In the late 1520’s Martin Luther composed that famous hymn; ‘A Mighty Fortress is our God’, or in the original German; ‘Ein Feste Burg ist Unser Gott’. There is something about the original German I just love. It makes it sound even stronger somehow. I cannot say what reference inspired him to compose such a powerful hymn. Perhaps it was Psalm 18:2 “The LORD is my rock, my fortress and my deliverer; my God is my rock, in whom I take refuge, my shield and the horn of my salvation, my stronghold.” Or perhaps it was Psalm 31:2 “Tun your ear to me, come quickly to my rescue; be my rock of refuge, a strong fortress to save me.” Or perhaps it was Psalm 46:7 “The LORD almighty is with us; the God of Jacob is our fortress.”
Whatever the reference, I do like the idea of God being our fortress. There are some great parallels. Most obvious is safety. In times past, the fortress was one of the safest places a person could be.
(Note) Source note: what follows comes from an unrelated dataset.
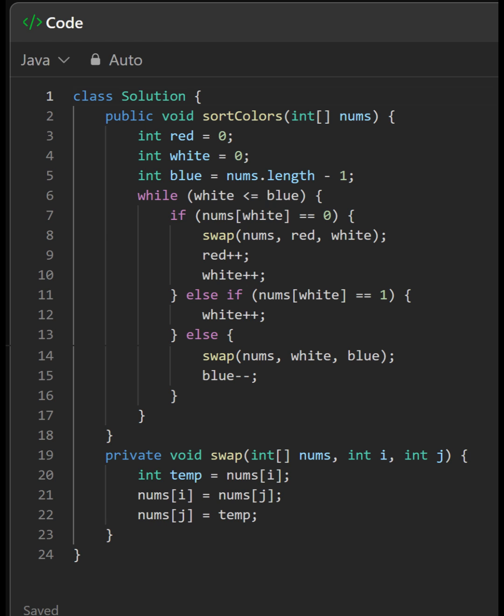If the current element is 2 (blue), it swaps it with the element at the blue pointer and decrements the blue pointer. After the iteration, the array will be sorted with all red elements at the beginning, followed by white elements, and then blue elements at the end.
Its high walls of granite, its sturdy gates of iron, its towers and battlements, its cannons… when a person was shut up in a fortress it was almost impossible for anyone to get at them. So it is with our God. And how much of a comfort is this to our weary souls. We’re almost like the traveler, riding through the howling wilderness and haunted forest, facing the wind and rain, searching desperately for a place of safety where we can rest and spend the nigh, then standing on the hill, we see our fortress – the cross of Jesus Christ – our perfect resting place where guilt of sin is washed away in his atoning blood. Hope and relief stream into our soul and we rejoice in wonder of our salvation. With God our fortress, we rest safe and secure in his love for us. Sins might try to scale the walls, but they can’t get a foothold. The devil might shoot his arrows, but none can reach us. For ‘neither death nor life, neither angels or demons, neither the present or the future, nor any powers, neither height nor depth, nor anything else in all creation, will be able to separate us from the love of God that is in Christ Jesus our Lord.’ (Romans 8:37&38)
The fortress is also the place of provision. It’s a cozy place, shielded from the wind and rain. Here there are warm fires and warm beds. There is plenty of soup and bread, meat and potatoes, apples and pears, beer and wine. All is provided. There is no shortage here. Here travelers can wash away the mud from their journey, have their fill of supper, and sleep sweetly without disturbance. And how true is this for our God? How graciously and abundantly does he provide for those he loves! Our lives are packed to the rafters with grace upon grace, and mercy upon mercy. There are countless reasons for thanksgiving. And we can walk in full confidence, knowing that God’s grace to us will not run dry. For even to our old age and grey hairs, our God promises to sustain and carry us (Isaiah 46:4).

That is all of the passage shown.